I am a programming enthusiast and novice, I am using Powershell to try to solve the following need:
- I need to extract the full path of files with extension .img. inside a folder with /- 900 thousand folders and /- million files. -/ 900,000 img files.
- Each img file must be processed in an exe. that is read from a file.
Which is better to store the result of the GetChildItem in a variable or a file?
I would greatly appreciate your guidance and support to optimize and / or find the best way to speed up processes vs. resource consumption.
Thank you un advance!!
This is the code I am currently using:
$PSDefaultParameterValues['*:Encoding'] = 'Ascii'
$host.ui.RawUI.WindowTitle = “DICOM IMPORT IN PROGRESS”

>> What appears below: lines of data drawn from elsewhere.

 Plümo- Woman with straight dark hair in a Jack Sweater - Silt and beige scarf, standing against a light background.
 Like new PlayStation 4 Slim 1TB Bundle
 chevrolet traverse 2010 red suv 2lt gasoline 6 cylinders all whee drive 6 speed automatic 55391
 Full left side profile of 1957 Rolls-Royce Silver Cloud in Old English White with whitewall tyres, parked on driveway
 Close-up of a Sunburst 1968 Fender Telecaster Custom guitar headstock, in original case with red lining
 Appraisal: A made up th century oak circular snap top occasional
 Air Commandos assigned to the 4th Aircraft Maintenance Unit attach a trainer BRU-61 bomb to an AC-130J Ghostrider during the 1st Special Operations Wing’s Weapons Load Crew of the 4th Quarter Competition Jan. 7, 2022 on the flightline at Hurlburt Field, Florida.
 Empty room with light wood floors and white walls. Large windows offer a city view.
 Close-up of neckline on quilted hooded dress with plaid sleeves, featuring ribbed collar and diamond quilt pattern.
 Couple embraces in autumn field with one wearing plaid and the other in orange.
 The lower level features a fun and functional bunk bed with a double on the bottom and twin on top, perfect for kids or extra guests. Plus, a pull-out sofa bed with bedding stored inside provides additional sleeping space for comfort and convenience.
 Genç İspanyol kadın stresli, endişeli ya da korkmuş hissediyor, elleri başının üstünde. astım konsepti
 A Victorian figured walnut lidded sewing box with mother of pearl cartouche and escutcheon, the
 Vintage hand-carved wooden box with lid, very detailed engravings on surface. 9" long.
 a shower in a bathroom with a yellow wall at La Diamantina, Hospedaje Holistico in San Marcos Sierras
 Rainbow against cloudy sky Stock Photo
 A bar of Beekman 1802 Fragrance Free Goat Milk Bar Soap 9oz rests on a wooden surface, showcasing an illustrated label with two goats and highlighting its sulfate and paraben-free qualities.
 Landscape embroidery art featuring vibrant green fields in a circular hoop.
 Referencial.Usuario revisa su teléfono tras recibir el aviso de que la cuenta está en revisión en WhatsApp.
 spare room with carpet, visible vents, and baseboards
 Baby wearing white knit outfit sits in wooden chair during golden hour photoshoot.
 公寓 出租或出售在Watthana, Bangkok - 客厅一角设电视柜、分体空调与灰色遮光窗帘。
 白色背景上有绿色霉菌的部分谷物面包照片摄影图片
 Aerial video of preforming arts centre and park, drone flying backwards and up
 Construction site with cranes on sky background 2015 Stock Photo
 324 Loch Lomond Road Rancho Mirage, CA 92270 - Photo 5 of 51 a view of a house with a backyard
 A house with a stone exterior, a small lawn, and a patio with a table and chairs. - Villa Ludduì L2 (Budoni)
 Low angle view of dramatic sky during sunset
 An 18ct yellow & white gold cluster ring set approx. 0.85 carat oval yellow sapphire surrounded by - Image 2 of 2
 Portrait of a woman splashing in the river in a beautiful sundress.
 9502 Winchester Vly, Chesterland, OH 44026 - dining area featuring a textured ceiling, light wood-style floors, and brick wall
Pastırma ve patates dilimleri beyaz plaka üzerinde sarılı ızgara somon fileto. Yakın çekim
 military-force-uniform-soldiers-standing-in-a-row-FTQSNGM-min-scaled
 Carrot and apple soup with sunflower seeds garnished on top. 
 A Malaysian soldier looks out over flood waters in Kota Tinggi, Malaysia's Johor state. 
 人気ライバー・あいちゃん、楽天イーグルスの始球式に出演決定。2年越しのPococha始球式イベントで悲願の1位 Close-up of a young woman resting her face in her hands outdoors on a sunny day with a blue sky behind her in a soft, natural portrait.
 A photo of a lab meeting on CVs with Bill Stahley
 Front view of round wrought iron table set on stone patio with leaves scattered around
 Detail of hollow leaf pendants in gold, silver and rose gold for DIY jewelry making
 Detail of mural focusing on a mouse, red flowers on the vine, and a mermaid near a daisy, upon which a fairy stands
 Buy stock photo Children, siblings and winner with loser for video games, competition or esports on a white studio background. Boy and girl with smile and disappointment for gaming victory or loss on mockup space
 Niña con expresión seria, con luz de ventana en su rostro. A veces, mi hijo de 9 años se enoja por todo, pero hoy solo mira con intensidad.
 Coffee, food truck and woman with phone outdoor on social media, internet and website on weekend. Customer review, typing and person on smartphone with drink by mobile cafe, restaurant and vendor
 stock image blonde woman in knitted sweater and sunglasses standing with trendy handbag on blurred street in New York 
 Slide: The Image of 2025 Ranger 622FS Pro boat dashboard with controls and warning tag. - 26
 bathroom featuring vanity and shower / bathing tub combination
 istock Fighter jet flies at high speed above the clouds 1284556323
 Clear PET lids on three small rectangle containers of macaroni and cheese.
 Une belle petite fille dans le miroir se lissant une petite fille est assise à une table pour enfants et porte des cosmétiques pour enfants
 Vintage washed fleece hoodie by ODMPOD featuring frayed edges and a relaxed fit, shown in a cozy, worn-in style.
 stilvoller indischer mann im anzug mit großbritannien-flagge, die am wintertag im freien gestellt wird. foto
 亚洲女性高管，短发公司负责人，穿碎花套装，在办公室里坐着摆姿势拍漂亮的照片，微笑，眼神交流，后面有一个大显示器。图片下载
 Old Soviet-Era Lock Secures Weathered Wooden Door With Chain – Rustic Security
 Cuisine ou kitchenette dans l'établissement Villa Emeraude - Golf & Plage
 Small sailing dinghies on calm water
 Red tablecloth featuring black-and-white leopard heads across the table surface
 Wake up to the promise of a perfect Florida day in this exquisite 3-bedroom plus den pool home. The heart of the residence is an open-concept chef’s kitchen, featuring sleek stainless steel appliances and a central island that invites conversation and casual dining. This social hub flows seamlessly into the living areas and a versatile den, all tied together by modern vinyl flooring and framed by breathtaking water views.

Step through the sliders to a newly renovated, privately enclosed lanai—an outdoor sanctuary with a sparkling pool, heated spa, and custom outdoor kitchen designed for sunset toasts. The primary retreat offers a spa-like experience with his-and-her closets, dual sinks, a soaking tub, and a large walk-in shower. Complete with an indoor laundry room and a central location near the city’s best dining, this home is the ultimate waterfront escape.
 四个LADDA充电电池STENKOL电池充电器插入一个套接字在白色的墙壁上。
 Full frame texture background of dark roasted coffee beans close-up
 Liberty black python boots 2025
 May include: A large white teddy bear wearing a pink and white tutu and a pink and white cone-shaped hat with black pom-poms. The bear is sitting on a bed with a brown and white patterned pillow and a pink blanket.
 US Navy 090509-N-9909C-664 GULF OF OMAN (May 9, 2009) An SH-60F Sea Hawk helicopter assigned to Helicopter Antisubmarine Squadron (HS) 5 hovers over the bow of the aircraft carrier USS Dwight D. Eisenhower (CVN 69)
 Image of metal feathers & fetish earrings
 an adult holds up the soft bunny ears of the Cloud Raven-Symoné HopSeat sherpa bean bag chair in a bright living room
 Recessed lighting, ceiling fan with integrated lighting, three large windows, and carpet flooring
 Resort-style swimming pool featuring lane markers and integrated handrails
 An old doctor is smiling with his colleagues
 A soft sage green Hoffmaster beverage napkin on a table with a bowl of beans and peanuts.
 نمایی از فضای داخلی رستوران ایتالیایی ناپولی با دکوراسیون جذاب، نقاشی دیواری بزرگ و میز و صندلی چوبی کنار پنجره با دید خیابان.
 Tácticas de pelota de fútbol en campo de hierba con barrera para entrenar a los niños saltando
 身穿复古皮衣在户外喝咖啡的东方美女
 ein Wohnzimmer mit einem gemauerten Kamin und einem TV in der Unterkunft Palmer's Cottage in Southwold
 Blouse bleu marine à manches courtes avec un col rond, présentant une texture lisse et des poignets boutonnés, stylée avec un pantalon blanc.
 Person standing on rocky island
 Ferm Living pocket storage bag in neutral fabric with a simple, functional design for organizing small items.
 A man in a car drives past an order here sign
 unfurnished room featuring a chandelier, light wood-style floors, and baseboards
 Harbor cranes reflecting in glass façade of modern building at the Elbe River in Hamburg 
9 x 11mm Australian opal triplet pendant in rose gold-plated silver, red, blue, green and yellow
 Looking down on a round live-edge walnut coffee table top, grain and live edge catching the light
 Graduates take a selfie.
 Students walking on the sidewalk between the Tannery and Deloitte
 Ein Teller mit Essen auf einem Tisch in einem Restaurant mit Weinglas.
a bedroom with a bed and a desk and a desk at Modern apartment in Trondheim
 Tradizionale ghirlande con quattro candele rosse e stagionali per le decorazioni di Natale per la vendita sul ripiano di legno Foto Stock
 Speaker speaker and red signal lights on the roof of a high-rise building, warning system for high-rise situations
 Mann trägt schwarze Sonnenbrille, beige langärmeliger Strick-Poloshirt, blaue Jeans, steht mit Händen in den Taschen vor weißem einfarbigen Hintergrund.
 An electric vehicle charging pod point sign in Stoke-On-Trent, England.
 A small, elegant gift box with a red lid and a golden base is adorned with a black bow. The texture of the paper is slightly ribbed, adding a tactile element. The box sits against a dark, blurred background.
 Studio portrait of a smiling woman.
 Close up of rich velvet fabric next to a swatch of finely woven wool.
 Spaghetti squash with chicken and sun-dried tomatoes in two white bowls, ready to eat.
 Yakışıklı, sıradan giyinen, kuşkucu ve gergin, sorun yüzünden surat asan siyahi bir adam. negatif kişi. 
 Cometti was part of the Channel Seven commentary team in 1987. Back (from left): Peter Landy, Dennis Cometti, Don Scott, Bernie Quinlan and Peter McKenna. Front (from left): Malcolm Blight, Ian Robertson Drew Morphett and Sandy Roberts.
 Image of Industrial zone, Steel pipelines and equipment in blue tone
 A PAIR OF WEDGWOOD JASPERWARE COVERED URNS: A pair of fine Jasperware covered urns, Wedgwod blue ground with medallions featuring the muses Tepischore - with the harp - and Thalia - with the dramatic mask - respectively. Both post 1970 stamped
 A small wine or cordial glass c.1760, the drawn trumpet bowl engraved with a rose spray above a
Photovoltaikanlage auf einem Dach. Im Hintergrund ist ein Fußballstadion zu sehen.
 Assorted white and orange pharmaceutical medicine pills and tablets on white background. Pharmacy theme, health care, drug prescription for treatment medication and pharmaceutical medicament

#region SET WINDOW FIXED WIDTH
$pshost = get-host
$pswindow = $pshost.ui.rawui
$newsize = $pswindow.buffersize
$newsize.height = 3000
$newsize.width = 150
$pswindow.buffersize = $newsize
$newsize = $pswindow.windowsize
$newsize.height = 50
$newsize.width = 150
$pswindow.windowsize = $newsize
#endregion
#
$out = ("$pwd\log_{0:yyyyMMdd_HH.mm.ss}_import.txt" -f (Get-Date))
cls
"`n" | tee -FilePath $out -Append
"*****************" | tee -FilePath $out -Append
"**IMPORT SCRIPT**" | tee -FilePath $out -Append
"*****************" | tee -FilePath $out -Append
"`n" | tee -FilePath $out -Append
#
# SET SEARCH FOLDERS #
"Working Folder" | tee -FilePath $out -Append
$path1 = Read-Host "Enter folder location" | tee -FilePath $out -Append
"`n" | tee -FilePath $out -Append
#
#
# SET & SHOW HOSTNAME
"SERVER NAME" | tee -FilePath $out -Append
$ht = hostname | tee -FilePath $out -Append
Write-Host $ht
Start-Sleep -Seconds 3
"`n" | tee -FilePath $out -Append
#
#
# GET FILES
"`n" | tee -FilePath $out -Append
#"SEARCHING IMG FILES, PLEASE WAIT..." | tee -FilePath $out -Append
$files = $path1 | Get-ChildItem -recurse -file -filter *.img | ForEach-Object { $_.FullName }
# SHOW Get-ChildItem PROCESS ON CONSOLE
Out-host -InputObject $files
"`n" | tee -FilePath $out -Append
Write-Output ($files | Measure).Count "IMG FILES FOUND TO PUSH" | tee -FilePath $out -Append
# DUMP Get-ChildIte into a file
$files > $pwd\pf
Start-Sleep -Seconds 5
# TIMESTAMP
"`n" | tee -FilePath $out -Append
"IMPORT START" | tee -FilePath $out -Append
("{0:yyyy/MM/dd HH:mm:ss}" -f (Get-Date)) | tee -FilePath $out -Append
"********************************" | tee -FilePath $out -Append
"`n" | tee -FilePath $out -Append
#
#
#SET TOOL
$ir = $Env:folder_tool
$pt = "utils\tool.exe"
#
#PROCESSING FILES
$n = 1
$pe = foreach ($file in Get-Content $pwd\pf ) {
$tb = (Get-Date -f HH:mm:ss) | tee -FilePath $out -Append
$fp = "$n. $file" | tee -FilePath $out -Append
#
$ep = & $ir$pt -c $ht"FIR" -i $file | tee -FilePath $out -Append
$as = "`n" | tee -FilePath $out -Append
# PRINT CONSOLE IMG FILES PROCESS
Write-Host $tb
Write-Host $fp
Out-host -InputObject $ep
Write-Host $as
$n
}
#
#TIMESTAMP
"********************************" | tee -FilePath $out -Append
"IMPORT END" | tee -FilePath $out -Append
("{0:yyyy/MM/dd HH:mm:ss}" -f (Get-Date)) | tee -FilePath $out -Append
"`n" | tee -FilePath $out -Append
CodePudding user response:
Which is better to store the result of the GetChildItem in a variable or a file?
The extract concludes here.